Baker stated that for months an ‘establishment elite’ had secretly been pursuing a plan for a much softer Brexit than the one on which he and Davis were working on. The move effectively rendered the Brexit department a ‘Potemkin structure to distract from what the Cabinet Office Europe unit was doing for the Prime Minister.’

Baker said: ‘In terms of who ultimately holds the pen on the papers that go to Cabinet for collective decision, it has been the Cabinet Office’s Europe Unit, and they have been clearly operating to a different ultimate goal to the one that we are operating to. ‘We’re back to what civil servants wanted a year ago, the advice they were giving then of something like the EEA (European Economic Area membership) plus something like the customs union.’

He added: ‘It must be the case that for months, large sections of the government were working on the Chequers plan, and they have just had a coup de grace at the last minute. I feel pretty sore about that.

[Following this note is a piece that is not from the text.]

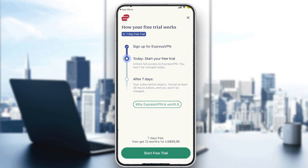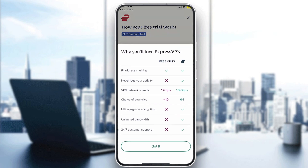Those are the main uses of this VPN. And if you're wondering why ExpressVPN over other VPN apps — any other free VPN gives you very limited features, while ExpressVPN gives you IP address masking so people won't know your IP, they never log your activity, VPN network speeds up to 10 Gbps, a choice of up to 94 countries, military-grade encryption, unlimited bandwidth, and 24/7 customer support. That was it for today's video on ExpressVPN. I hope you liked this video and I'll see you guys in the next tutorial.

May, meanwhile, has been courting Labour MPs to vote with the government today and tomorrow on trade and customs policy. Writing in The Mail on Sunday she also appealed to Tory MPs saying voting against her legislation could lead to a ‘disorderly and damaging Brexit’.

Long-standing Leave campaigners have confirmed that they will vote against. On Saturday night, the pro-Remain Labour MP Chuka Umunna said: ‘There is no Labour Remainer who would support May’s Chequers deal or prop up her sorry excuse for a government – full stop.’

They are being encouraged in this line by the ex-adviser to Labour PM Blair and Britain’s former trade commissioner in Brussels, Lord Mandelson. He claimed in yesterday’s Observer that May’s latest Brexit plan would lead to ‘national humiliation’.

Calling for a ‘people’s vote’, he said: ‘Inevitably you are drawn to the conclusion that it would be better to be fully in the economic structures of the EU or out of them all together, and if you are in them, better to stay in the EU itself as this provides a seat at the table where the rules are made.’

Mandelson is desperate for a seat at the EU table. He is calling for a second referendum and for Tory MPs to refuse to vote for May’s ‘soft Brexit’ to achieve it.